> _EXERCISE REQUIREMENTS_
Pictures stay out of the copy, and everything else in the data below is repeated exactly.

> _INFORMATION GIVEN_
§ §
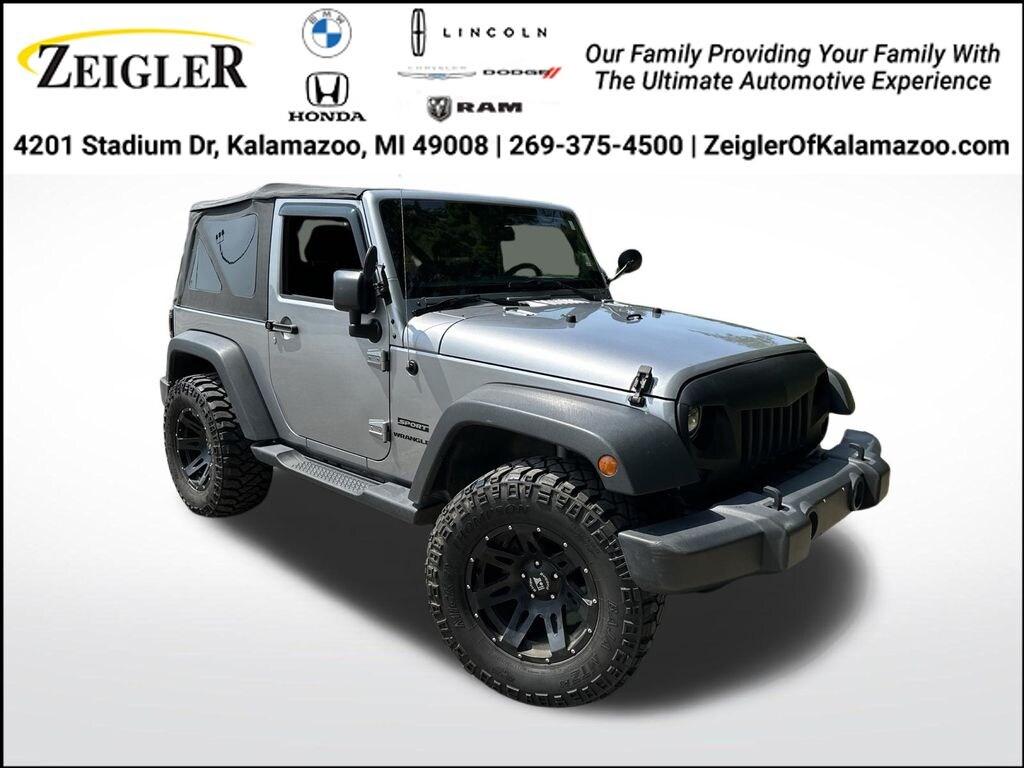 Used 2017 Jeep Wrangler Sport SUV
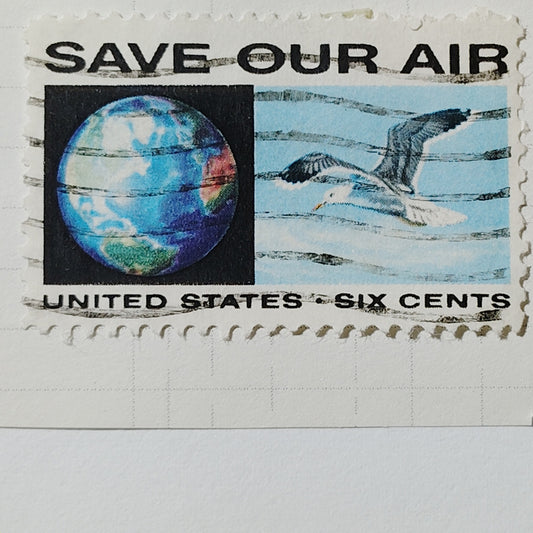 1970 US 6c Save Our Air Anti-Pollution Stamp #1413 Used Cancelled Philately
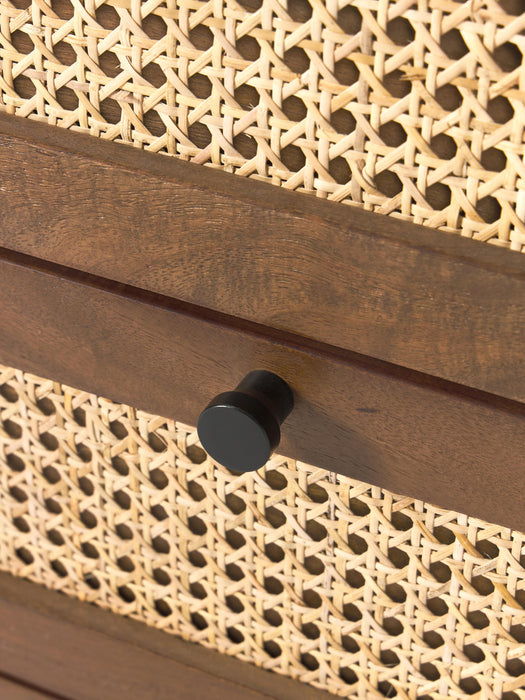 Bedside Table Vienna with Drawers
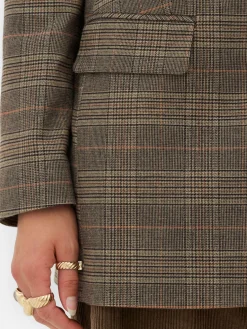 Geruite Single-breasted Blazer Rita Ora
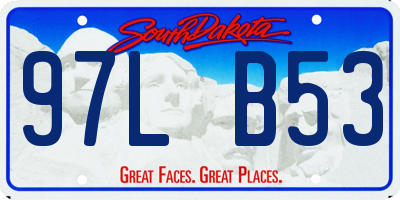 SD license plate 97LB53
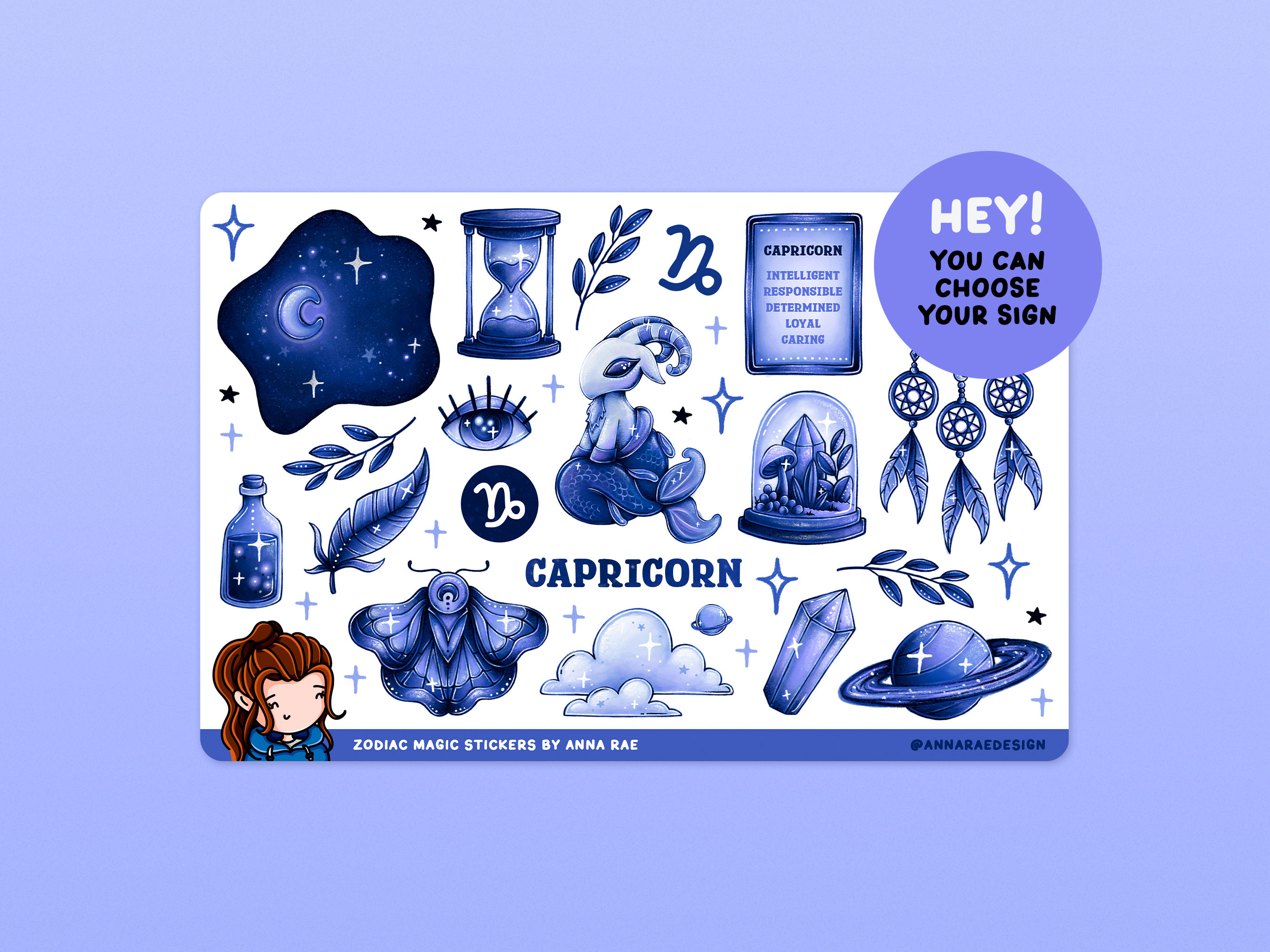 Zodiac Magic Decorative Planner Stickers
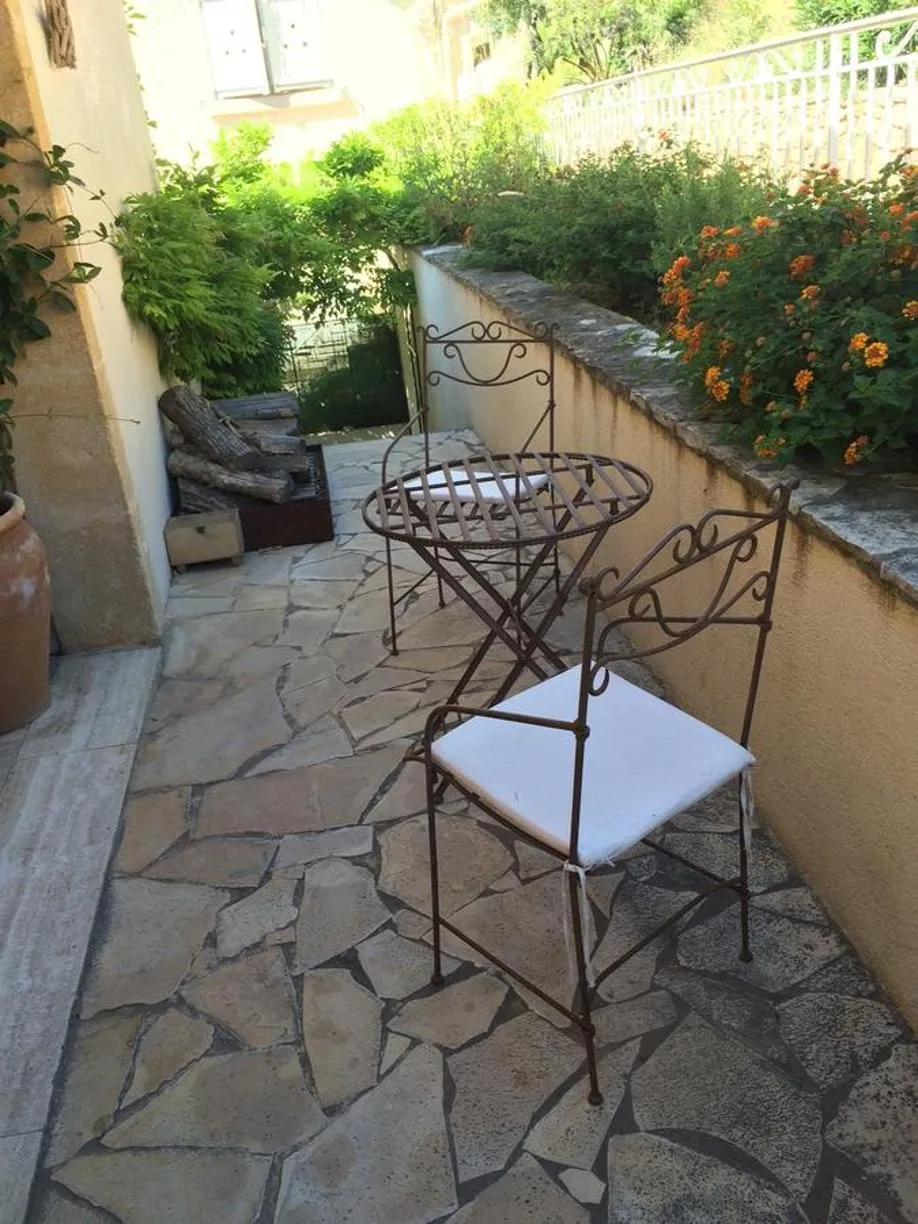 Garden in Villa La Lézardière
§ §
> _WRITTEN REPLY_
 Used 2017 Jeep Wrangler Sport SUV
 1970 US 6c Save Our Air Anti-Pollution Stamp #1413 Used Cancelled Philately
 Bedside Table Vienna with Drawers
 Geruite Single-breasted Blazer Rita Ora
 SD license plate 97LB53
 Zodiac Magic Decorative Planner Stickers
 Garden in Villa La Lézardière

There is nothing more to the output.